» **WHAT YOU SHOULD DO**: Write out the listing from the line with "Произведения А.С. Пушкина" to the line with "托斯诺与莫斯科迪的历史交锋与发展历程探讨", both lines included, exactly and nothing beyond. Leave pictures out.

» **RECORDED INFORMATION**:
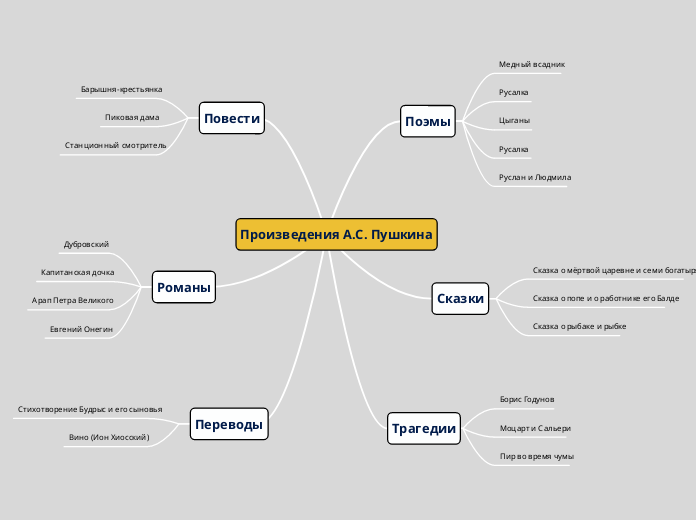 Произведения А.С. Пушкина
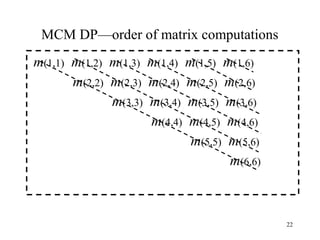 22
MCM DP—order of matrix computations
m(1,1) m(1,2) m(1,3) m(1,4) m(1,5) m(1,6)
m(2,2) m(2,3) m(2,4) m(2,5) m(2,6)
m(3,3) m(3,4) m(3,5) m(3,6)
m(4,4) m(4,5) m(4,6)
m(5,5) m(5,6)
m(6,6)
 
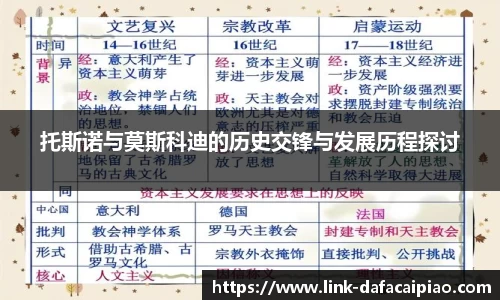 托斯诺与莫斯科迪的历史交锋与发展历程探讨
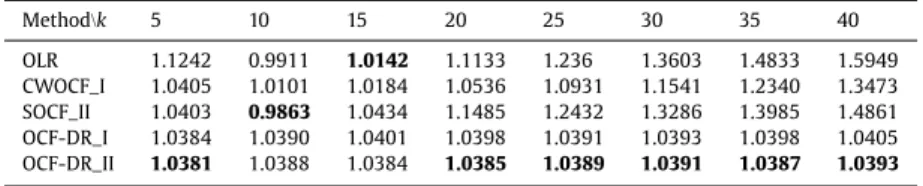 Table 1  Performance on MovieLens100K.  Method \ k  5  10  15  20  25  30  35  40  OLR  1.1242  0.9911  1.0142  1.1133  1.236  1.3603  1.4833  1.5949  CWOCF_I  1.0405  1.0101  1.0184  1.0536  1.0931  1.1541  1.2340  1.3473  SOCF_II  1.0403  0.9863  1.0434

* * *

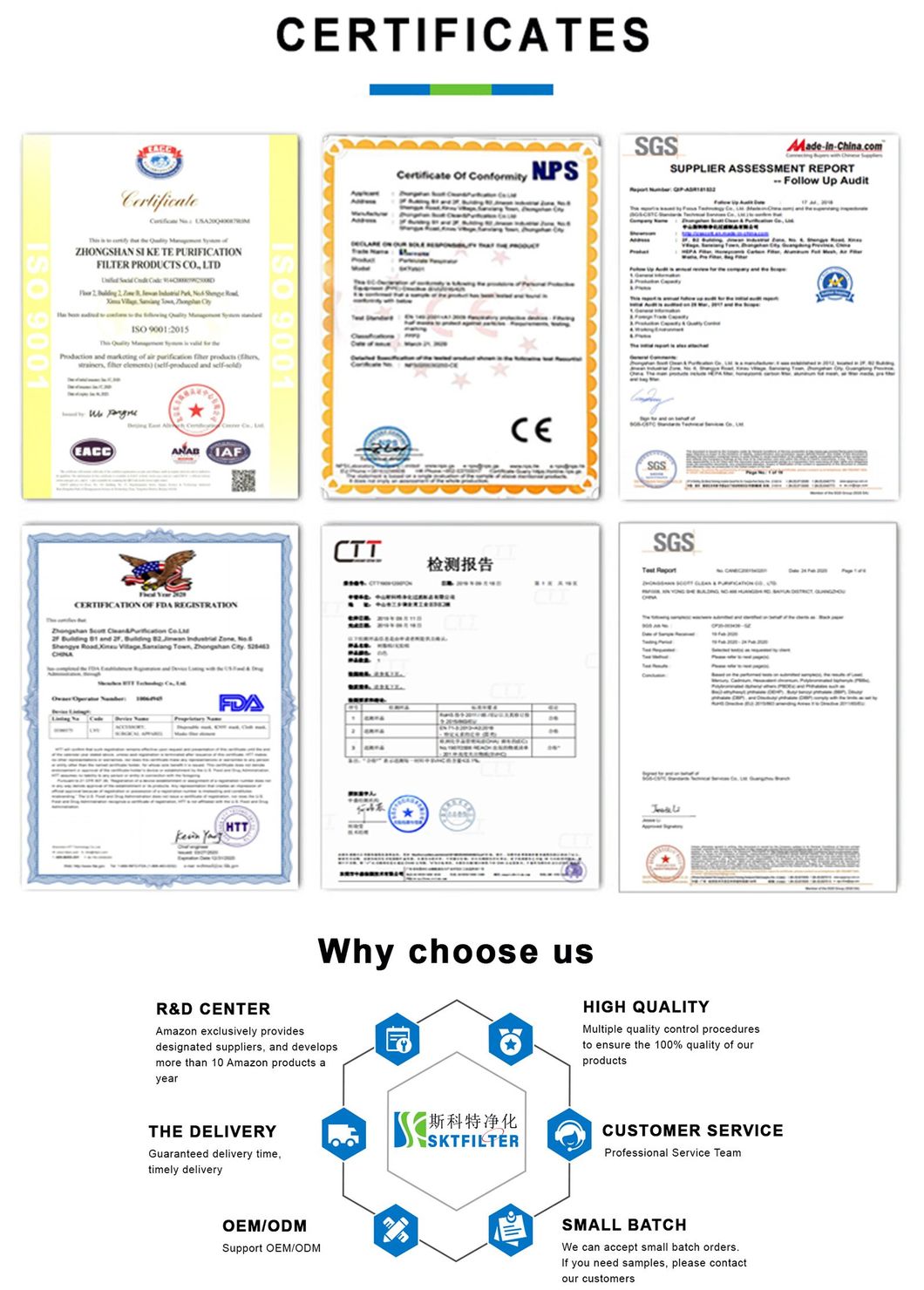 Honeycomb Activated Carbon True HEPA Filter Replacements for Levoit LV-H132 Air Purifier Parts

» **RESPONSE BOX**:
 Произведения А.С. Пушкина
 22
MCM DP—order of matrix computations
m(1,1) m(1,2) m(1,3) m(1,4) m(1,5) m(1,6)
m(2,2) m(2,3) m(2,4) m(2,5) m(2,6)
m(3,3) m(3,4) m(3,5) m(3,6)
m(4,4) m(4,5) m(4,6)
m(5,5) m(5,6)
m(6,6)
 
 托斯诺与莫斯科迪的历史交锋与发展历程探讨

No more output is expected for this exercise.